Deshalb war es immer meine Strategie, zu sagen: machen wir die Fenster auf und lassen wir die Sonne rein. Das muss ein Learning aus der Finanzkrise sein, wo Banken viel Geld verdienen konnten, ohne einen Kundennutzen zu erfüllen. Wenn Banken nicht einen gesellschaftlichen Zweck erfüllen, dann braucht sie irgendwann keiner mehr.
Es ist ein permanenter Prozess, die Bank nach außen aufzumachen. Zu verstehen, mein Gehalt zahlt mein Kunde. Und dafür will er aber auch was. Der findet mich jetzt nicht per se großartig, ich muss was liefern dafür.
Waren das die großen Fehler der Vergangenheit, dass man etwa mit dem digitalen Banking die Kunden aus den Filialen getrieben hat?
Das glaube ich nicht. Mit den Selbstbedienungsdingern hat es begonnen, in diese Richtung zu gehen. Aber die Digitalisierung war dringend notwendig. Sie war nämlich schon lange da und die Banken haben dann erst ziemlich spät verstanden, dass es das gibt.
Es war für uns also ein Aufholprozess, weil die Kunden haben schon lang Amazon verwendet und waren es gewöhnt, mit einem Klick alles zu bekommen.

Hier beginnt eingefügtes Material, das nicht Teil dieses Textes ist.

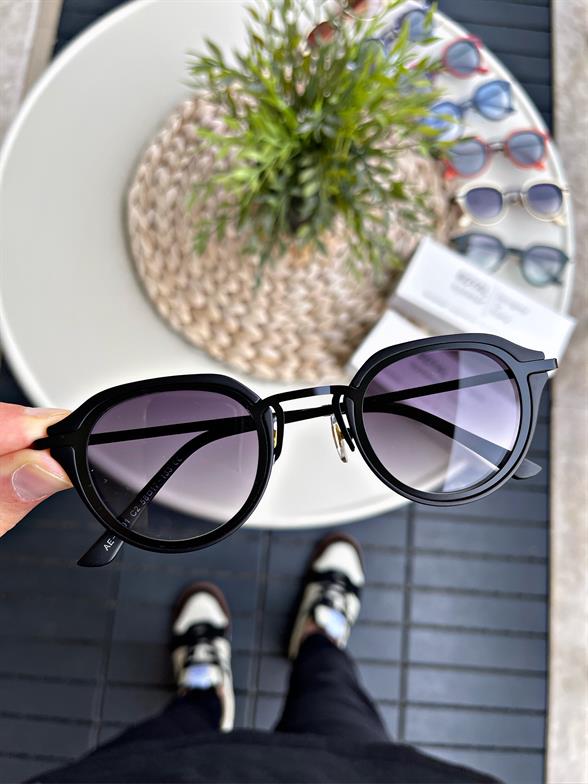 GÜNEŞ GÖZLÜĞÜ KADIN&ERKEK SİYAH,UV-400 KORUMALI CAM,RAHAT KULLANIM RE0088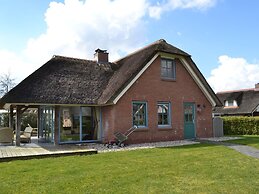 Stylish Thatched Villa with 2 Bathrooms near Giethoorn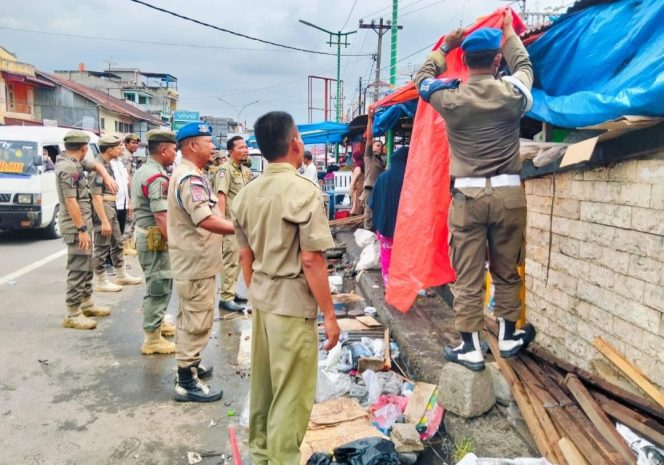 
					Satpol PP Madina Mulai Tertibkan PKL di Sepanjang Jalinsum untuk Estetika dan Ketertiban Umum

Die Erste kann das schon sehr gut, bei Luminor bin ich beim digitalen Banking im Aufholprozess.
Dort ist man noch weit weg von George.
Ganz weit weg.
Sie haben 25 Jahre Banken-Erfahrung. Könnte man Ihren Job ohne Expertise im Finanzsektor überhaupt machen?
Hm... Schwierige Frage. Und für mich besonders schwer zu beantworten, weil ich kenne es ja nicht anders. Erfahrung ist natürlich wertvoll und auch sehr wichtig. Banking ist ein spezielles Feld mit sehr viel Regulatorik. Da sollte man sich natürlich gut auskennen. Meine diplomatische Antwort soll aber sein: Quereinsteiger haben auch immer gutgetan.